El síndrome del cansancio del bien tiene que ver mucho con la fragilidad constitutiva del ser humano, con los malos ejemplos que nos acosan y nos catequizan hacia los viejos enemigos del alma: el mundo, el demonio y la carne. El cansancio, la apatía, la inercia suelen ser pandemias que contagian a grandes estratos de la sociedad. El nihilismo hace su agosto. Gran desafío para los gobernantes, los pedagogos, los pastores de la Iglesia, las familias en su conjunto. ¿Cómo impedir que cunda el desánimo en los animadores por vocación, por oficio y por responsabilidad?
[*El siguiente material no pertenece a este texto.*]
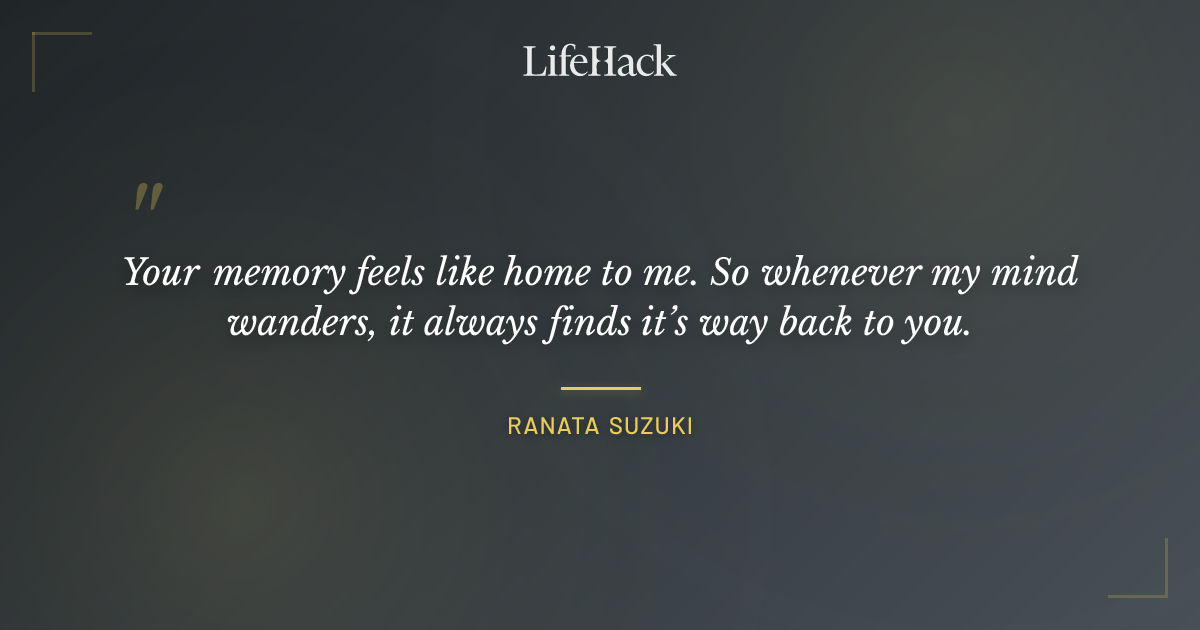 Quote by Ranata Suzuki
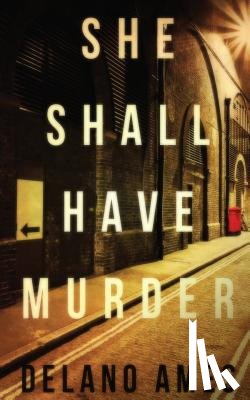 Ames, Delano - She Shall Have Murder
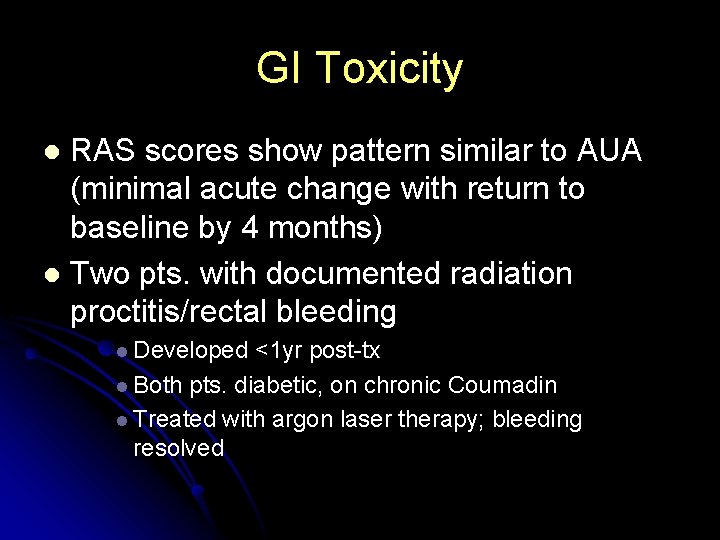 GI Toxicity RAS scores show pattern similar to AUA (minimal acute change with return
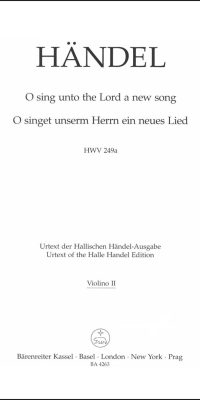 Handel: O sing unto the Lord a new song HWV 249a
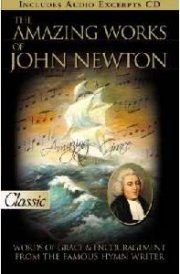 Amazing Works of John Newton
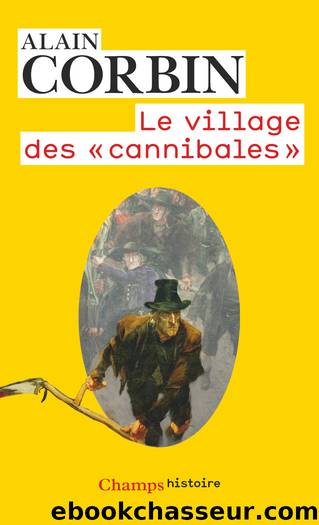 Le village des cannibales by Corbin Alain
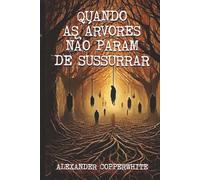 Quando as árvores não param de sussurrar (Terror familiar)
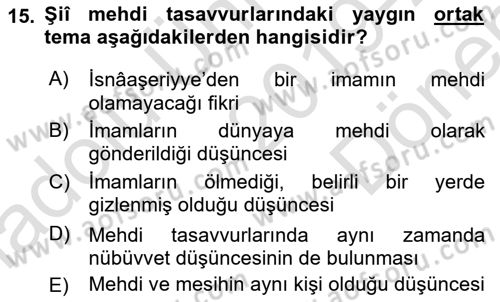İslam Mezhepleri Tarihi Dersi 2019 - 2020 Yılı (Final) Dönem Sonu Sınav Soruları 15. Soru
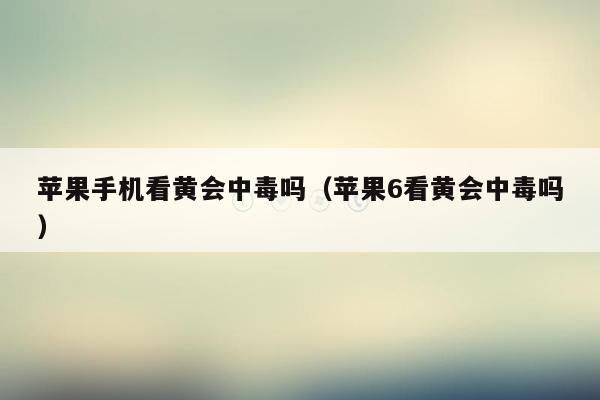 苹果手机看黄会中毒吗(苹果6看黄会中毒吗)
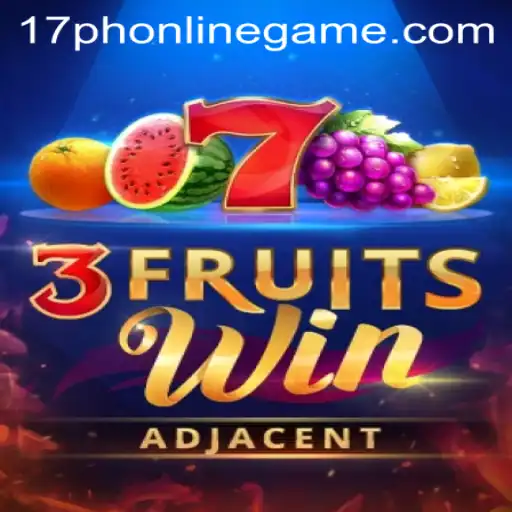 Exploring the Thrills of 3FruitsWin: A Comprehensive Guide to the 17ph Online Game
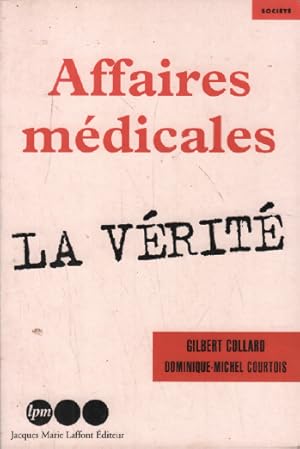 Affaires médicales : La vérité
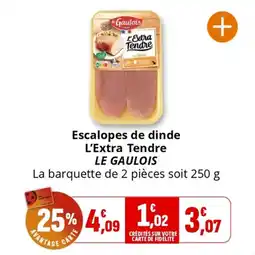 Escalopes de dinde l'extra tendre le gaulois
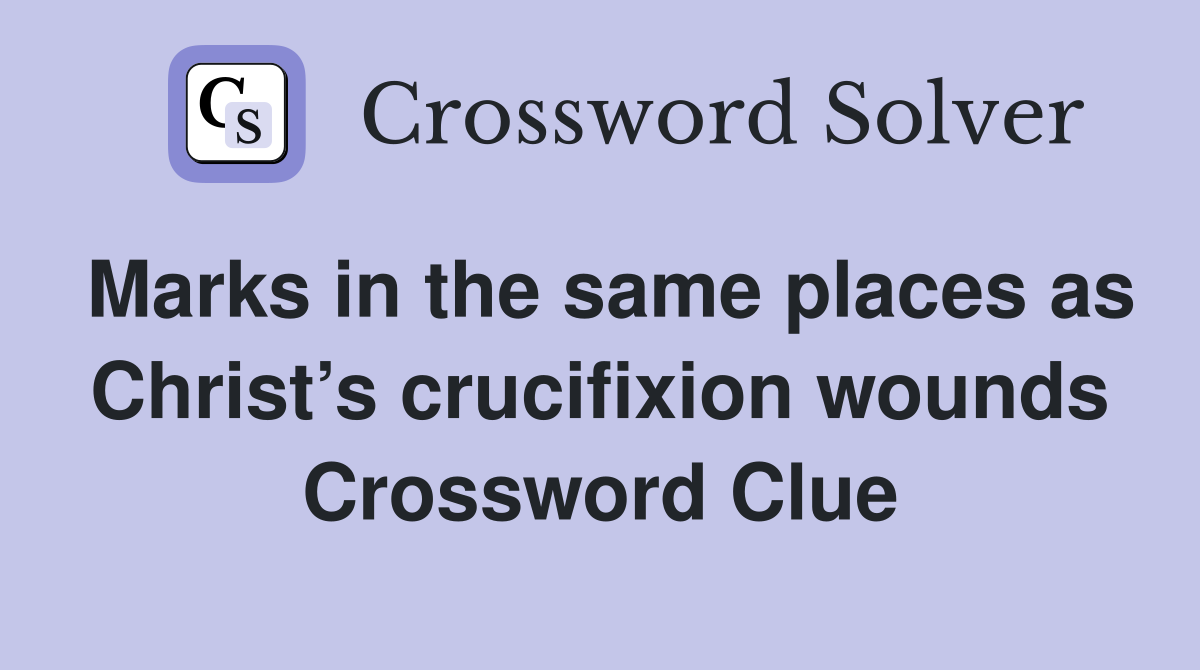 Marks in the same places as Christ’s crucifixion wounds Crossword Clue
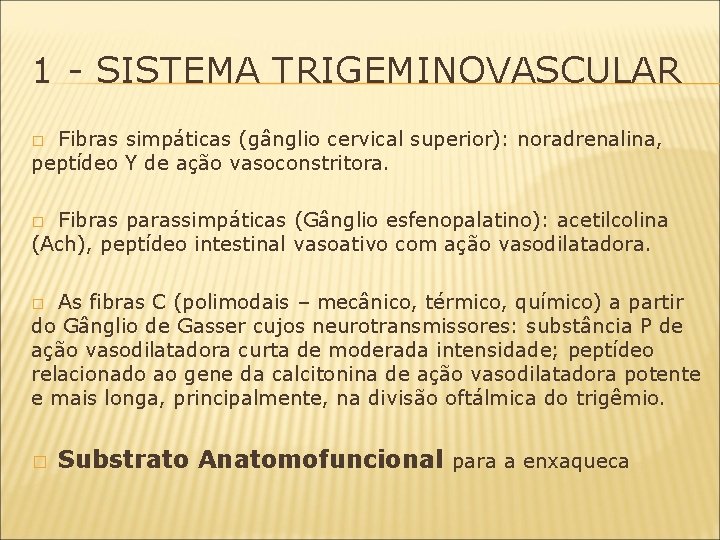 1 - SISTEMA TRIGEMINOVASCULAR Fibras simpáticas (gânglio cervical superior): noradrenalina, peptídeo Y de ação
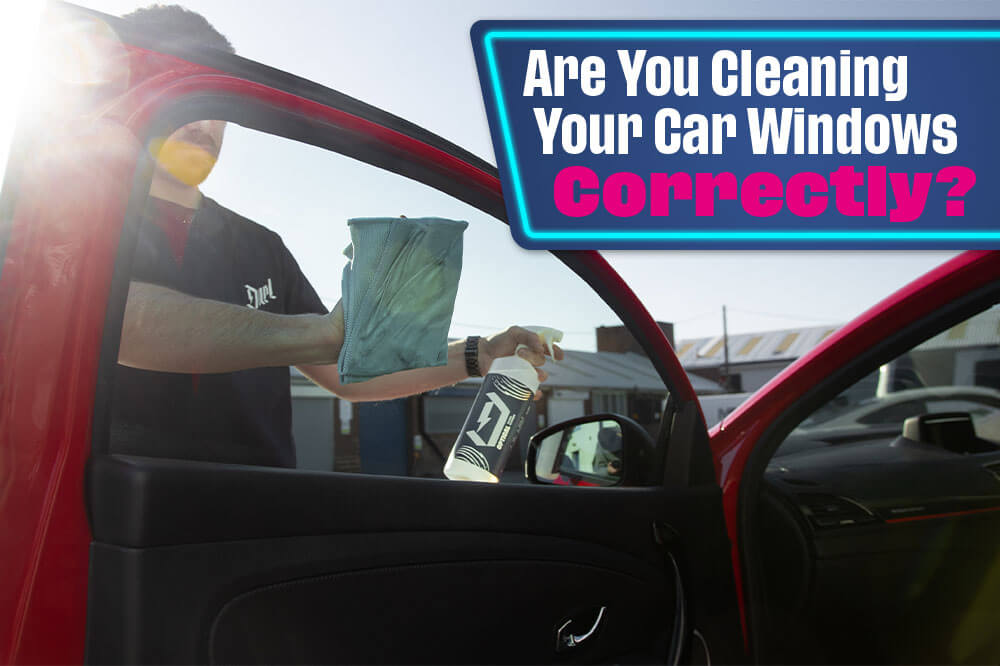 Are you cleaning your car windows correctly?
Por lo demás, y en el ámbito de la fe, a la cual, por supuesto, me remito, la cosa no es de ahora. Ya se registraba a cada paso en los salmos de David ante la experiencia propia y ajena:

¡Qué bueno es Dios para el justo,
el Señor para los rectos de corazón!
Pero yo por poco doy un mal paso,
casi resbalaron mis pisadas,
porque envidiaba a los perversos,
viendo prosperar a los malvados.

... ¿Para qué aguanto yo todo el día y me corrijo cada mañana? Meditaba yo para entender esto, pero me resultaba muy difícil hasta que comprendí el destino de ellos... Cuando mi corazón se agitaba y me punzaba en mi interior, yo era un necio y un ignorante, un animal ante ti. Para mi lo bueno es estar junto a Dios, hacer del Señor mi refugio y contar todas tus acciones en las puertas de Sión! (Sal 72).